If you don’t have a complete first draft, you don’t have enough ingredients for your cake, aka play/novel/short story/screenplay etc. My ingredients are in the bowl and I am celebrating with some fizzy, by which I mean Lidl’s oversweet pear cider that some kind (unsuspecting) person has left in my fridge, and by lighting the wood-burning stove and leaving the curtains slightly open despite the darkness outside, so that I can still see the trees waving frantically against the pink city sky in the gale. I can hear my daughter and her friend giggling in the next room, not at me I hasten to add, though I wouldn’t care. Copies of this first lap have been sent to two parties for inspection, and the anxiety, not to mention dread, that sometimes accompanies the wait for feedback has not yet made its presence felt.

I am also celebrating the arrival of two copies of West Coast Line, a Canadian journal who have kindly published one of my short stories, The Love Bus, which you can also read on the International Literary Quarterly website. In addition to this, West Coast Line have published two stories that I worked on with Iraqi writer Kusay Hussain. We got paid for these stories too which is increasingly rare these days. The current journal’s theme is ‘Transnational Publics, Asylum and the Arts in Glasgow’ and its guest editor is Kirsten E McAllister, a Japanese-Scottish Canadian. I’m delighted to see the names of several people I know on the contents page.

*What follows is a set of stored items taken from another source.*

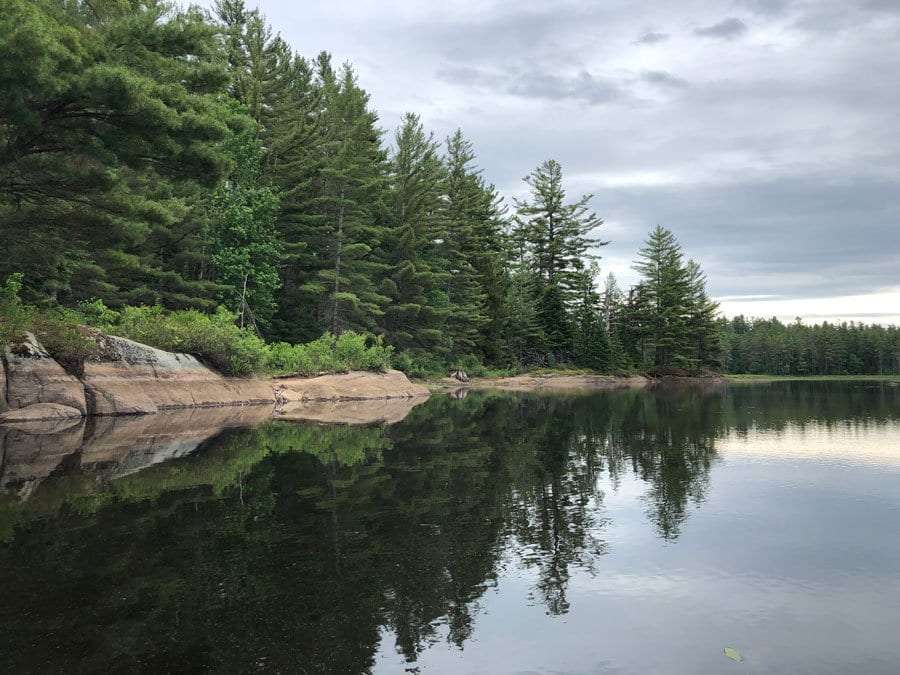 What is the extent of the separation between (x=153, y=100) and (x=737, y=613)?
48.3 ft

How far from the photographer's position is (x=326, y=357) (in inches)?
1286

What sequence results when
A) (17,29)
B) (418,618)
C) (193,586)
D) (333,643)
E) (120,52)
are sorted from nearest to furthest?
(333,643), (418,618), (193,586), (17,29), (120,52)

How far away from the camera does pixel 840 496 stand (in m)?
10.5

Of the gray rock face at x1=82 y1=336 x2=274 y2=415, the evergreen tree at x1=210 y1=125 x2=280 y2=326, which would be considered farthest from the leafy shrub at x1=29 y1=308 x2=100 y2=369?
the evergreen tree at x1=210 y1=125 x2=280 y2=326

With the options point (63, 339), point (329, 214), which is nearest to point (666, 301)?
point (329, 214)

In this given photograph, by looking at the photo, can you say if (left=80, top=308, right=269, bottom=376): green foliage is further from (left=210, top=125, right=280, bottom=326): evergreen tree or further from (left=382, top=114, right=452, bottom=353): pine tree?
(left=382, top=114, right=452, bottom=353): pine tree

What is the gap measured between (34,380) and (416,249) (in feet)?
111

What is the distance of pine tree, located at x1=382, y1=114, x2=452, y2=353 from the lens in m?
46.8

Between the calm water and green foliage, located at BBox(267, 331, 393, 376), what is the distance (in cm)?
1691

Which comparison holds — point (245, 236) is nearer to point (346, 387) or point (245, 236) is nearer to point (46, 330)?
point (346, 387)

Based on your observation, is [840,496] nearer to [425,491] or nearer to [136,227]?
[425,491]

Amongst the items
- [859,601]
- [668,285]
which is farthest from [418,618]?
[668,285]

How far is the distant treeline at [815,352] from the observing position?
397 feet

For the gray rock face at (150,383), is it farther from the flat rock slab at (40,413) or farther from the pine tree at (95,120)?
the pine tree at (95,120) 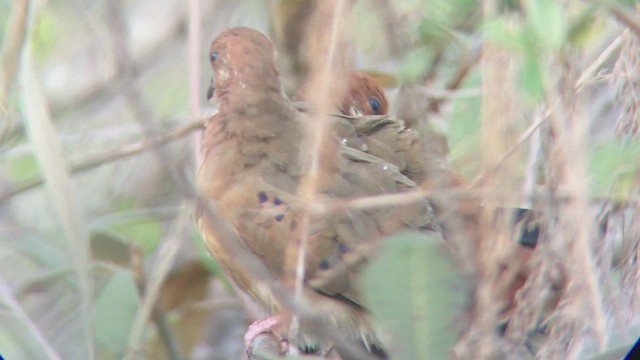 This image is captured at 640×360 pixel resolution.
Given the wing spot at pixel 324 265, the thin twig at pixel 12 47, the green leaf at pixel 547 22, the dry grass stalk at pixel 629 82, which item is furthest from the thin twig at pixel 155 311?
the green leaf at pixel 547 22

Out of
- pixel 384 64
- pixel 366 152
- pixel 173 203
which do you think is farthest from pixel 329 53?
pixel 173 203

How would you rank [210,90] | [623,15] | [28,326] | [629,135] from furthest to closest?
[210,90] < [28,326] < [629,135] < [623,15]

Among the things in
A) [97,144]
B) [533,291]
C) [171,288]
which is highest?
[97,144]

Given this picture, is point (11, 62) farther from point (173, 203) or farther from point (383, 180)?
point (173, 203)

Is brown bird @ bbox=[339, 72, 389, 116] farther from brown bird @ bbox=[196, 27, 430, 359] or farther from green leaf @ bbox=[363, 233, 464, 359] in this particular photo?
green leaf @ bbox=[363, 233, 464, 359]

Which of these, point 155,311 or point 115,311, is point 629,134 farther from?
point 155,311

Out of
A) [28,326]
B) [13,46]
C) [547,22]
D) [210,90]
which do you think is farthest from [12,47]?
[547,22] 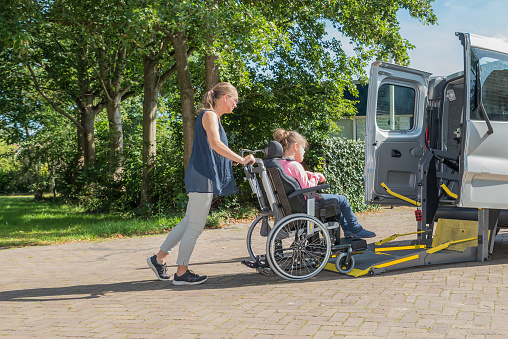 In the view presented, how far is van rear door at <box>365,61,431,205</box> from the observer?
724 centimetres

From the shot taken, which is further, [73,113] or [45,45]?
[73,113]

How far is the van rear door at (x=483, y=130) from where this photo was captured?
588cm

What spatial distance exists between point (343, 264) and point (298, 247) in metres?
0.58

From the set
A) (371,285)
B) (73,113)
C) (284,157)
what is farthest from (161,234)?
(73,113)

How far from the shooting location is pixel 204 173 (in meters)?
5.41

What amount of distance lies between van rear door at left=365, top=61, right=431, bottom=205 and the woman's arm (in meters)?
2.52

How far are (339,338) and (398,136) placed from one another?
4405 mm

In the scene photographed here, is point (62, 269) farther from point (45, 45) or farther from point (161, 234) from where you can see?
point (45, 45)

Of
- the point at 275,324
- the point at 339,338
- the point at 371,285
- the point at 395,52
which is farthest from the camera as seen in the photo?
the point at 395,52

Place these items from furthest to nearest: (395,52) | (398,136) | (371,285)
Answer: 1. (395,52)
2. (398,136)
3. (371,285)

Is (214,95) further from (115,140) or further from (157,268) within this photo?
(115,140)

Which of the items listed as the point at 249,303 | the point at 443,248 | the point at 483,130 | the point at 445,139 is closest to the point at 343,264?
the point at 443,248

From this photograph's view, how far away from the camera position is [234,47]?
1065cm

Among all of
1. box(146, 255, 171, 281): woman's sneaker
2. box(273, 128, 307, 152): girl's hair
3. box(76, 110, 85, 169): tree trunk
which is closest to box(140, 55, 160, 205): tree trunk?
box(76, 110, 85, 169): tree trunk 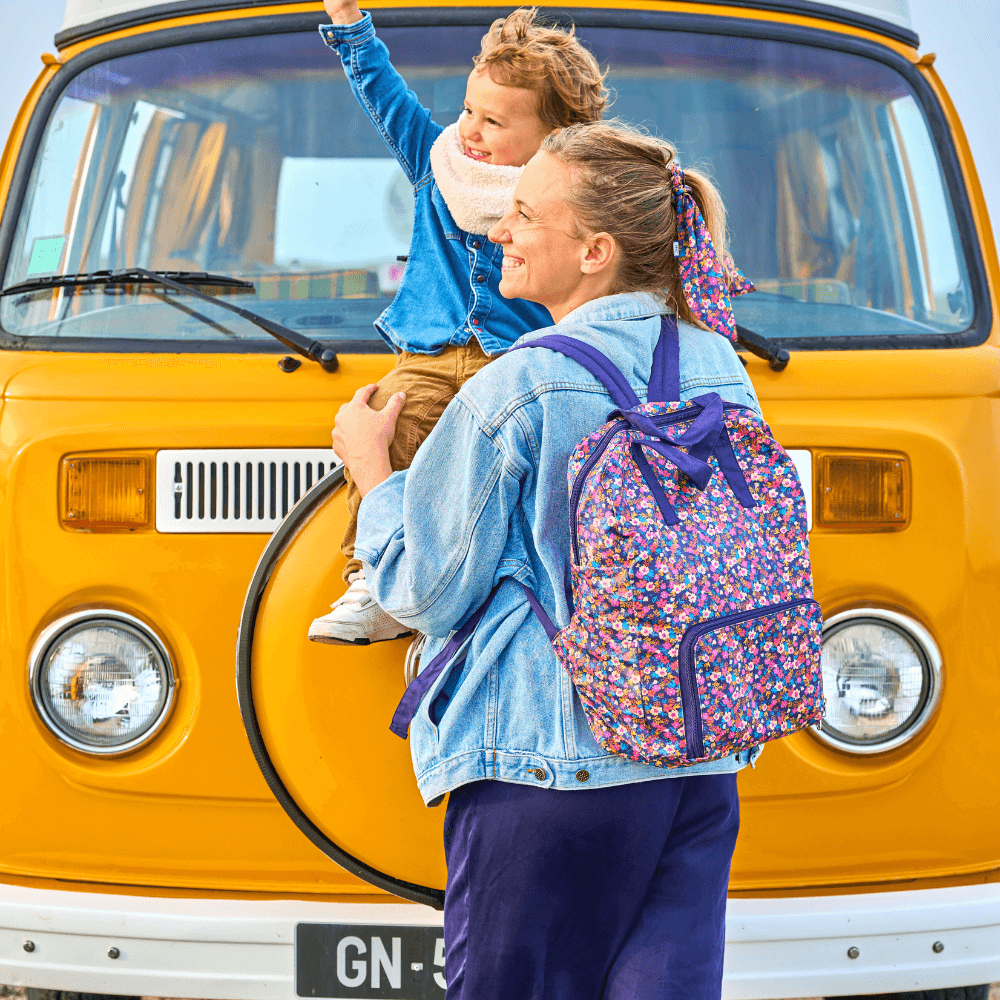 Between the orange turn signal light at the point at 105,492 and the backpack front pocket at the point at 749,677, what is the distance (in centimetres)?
124

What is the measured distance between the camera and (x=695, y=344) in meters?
1.60

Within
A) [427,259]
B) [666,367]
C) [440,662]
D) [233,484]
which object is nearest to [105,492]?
[233,484]

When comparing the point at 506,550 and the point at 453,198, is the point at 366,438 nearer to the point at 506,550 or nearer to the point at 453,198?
the point at 506,550

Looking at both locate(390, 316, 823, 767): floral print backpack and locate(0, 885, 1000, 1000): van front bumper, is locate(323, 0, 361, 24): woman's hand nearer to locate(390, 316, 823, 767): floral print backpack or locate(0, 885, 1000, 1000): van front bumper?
locate(390, 316, 823, 767): floral print backpack

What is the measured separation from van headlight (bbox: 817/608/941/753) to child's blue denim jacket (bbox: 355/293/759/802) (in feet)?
2.47

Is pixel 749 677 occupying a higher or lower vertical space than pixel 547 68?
lower

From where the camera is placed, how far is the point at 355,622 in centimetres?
189

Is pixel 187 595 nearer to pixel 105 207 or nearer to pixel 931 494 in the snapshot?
pixel 105 207

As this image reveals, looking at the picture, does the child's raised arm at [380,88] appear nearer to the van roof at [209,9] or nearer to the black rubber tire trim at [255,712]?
the black rubber tire trim at [255,712]

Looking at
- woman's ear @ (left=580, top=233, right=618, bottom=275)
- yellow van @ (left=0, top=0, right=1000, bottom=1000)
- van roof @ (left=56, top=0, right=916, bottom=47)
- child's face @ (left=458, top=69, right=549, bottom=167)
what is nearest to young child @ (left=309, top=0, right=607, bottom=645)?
child's face @ (left=458, top=69, right=549, bottom=167)

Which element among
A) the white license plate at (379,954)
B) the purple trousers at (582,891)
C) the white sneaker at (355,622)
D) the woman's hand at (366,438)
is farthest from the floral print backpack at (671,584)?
the white license plate at (379,954)

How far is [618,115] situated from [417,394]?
108 cm

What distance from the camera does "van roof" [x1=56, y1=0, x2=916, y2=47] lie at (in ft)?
8.89

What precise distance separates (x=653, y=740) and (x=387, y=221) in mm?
1764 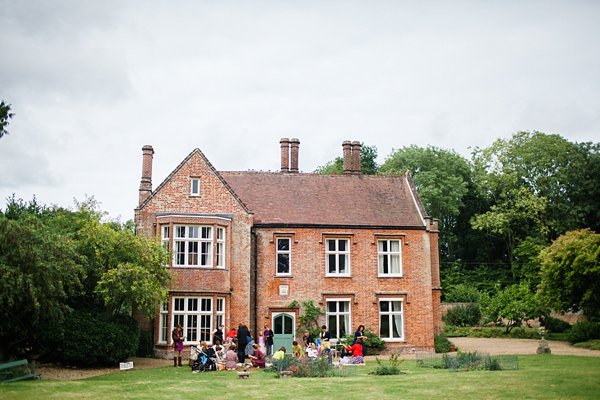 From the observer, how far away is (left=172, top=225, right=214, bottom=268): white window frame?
1125 inches

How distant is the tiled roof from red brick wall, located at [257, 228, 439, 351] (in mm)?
821

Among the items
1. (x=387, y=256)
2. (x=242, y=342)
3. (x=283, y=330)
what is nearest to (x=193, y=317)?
(x=242, y=342)

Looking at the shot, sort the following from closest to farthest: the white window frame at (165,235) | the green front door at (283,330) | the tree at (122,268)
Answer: the tree at (122,268)
the white window frame at (165,235)
the green front door at (283,330)

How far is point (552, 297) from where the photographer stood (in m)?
33.9

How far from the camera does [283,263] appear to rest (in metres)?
31.2

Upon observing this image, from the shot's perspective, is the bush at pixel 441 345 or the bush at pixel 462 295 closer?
the bush at pixel 441 345

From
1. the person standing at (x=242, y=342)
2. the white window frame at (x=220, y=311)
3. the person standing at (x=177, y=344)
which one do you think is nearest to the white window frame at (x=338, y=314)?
the white window frame at (x=220, y=311)

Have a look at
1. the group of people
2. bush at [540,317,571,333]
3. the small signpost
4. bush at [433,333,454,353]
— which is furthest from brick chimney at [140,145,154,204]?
bush at [540,317,571,333]

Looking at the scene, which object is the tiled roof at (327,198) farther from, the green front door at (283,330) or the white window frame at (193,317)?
the white window frame at (193,317)

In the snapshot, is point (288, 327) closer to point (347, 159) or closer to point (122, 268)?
point (122, 268)

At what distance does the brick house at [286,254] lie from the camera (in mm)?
28500

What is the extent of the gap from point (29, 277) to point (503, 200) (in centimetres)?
4830

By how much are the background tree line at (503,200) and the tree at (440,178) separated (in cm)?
10

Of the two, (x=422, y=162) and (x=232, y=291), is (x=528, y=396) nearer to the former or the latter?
(x=232, y=291)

But the other thing I am celebrating, Sue-no-friends in my room all alone, is my participation in the Vault art event over the last weekend. I know, visual arts: what was I doing there? I did ask myself that question a few times. I was doing an ‘art booth’. The booth was actually a table, itself a work of art with a variety of strange marks of glittery red and pastel green amongst others. There were three jars of sweeties on it (when I started) and a plateful of custard creams. Beside me at the table were a couple of visual artists offering instant art for a small fee. I was offering instant poetry, also for a small fee, based on OuLiPo techniques. I dreamt this up in a moment of optimism. Actually it was a moment of optimism about optimism. In other words I was feeling rather despondent and was missing feeling optimistic, so I faked it and hey presto! there I was making promises to the organisers that on reflection seemed a little difficult to fulfil. (I was under the auspices of Ironbbratz studios, who I love. If you are a creator of art of any description, Ironbbratz studios is a fabulous place to be.)

For an art venue, the Briggait in Glasgow has a lot of drips falling from it’s beautiful holey ceiling. Some of it landed on the booth-table. But spirits were not dampened and indeed I am celebrating the fact that the instant OuLiPo poetry exercise worked and was even, apparently, therapeutic for the customers who revelled in being able to talk for a few minutes completely uninterrupted on their chosen subject while I concocted poetry from their words. It was a heart-warming occasion for all, and one which I’d happily repeat.

So, yes, I think smug is the word I’d use for myself right now. Not proud of it but it doesn’t happen often.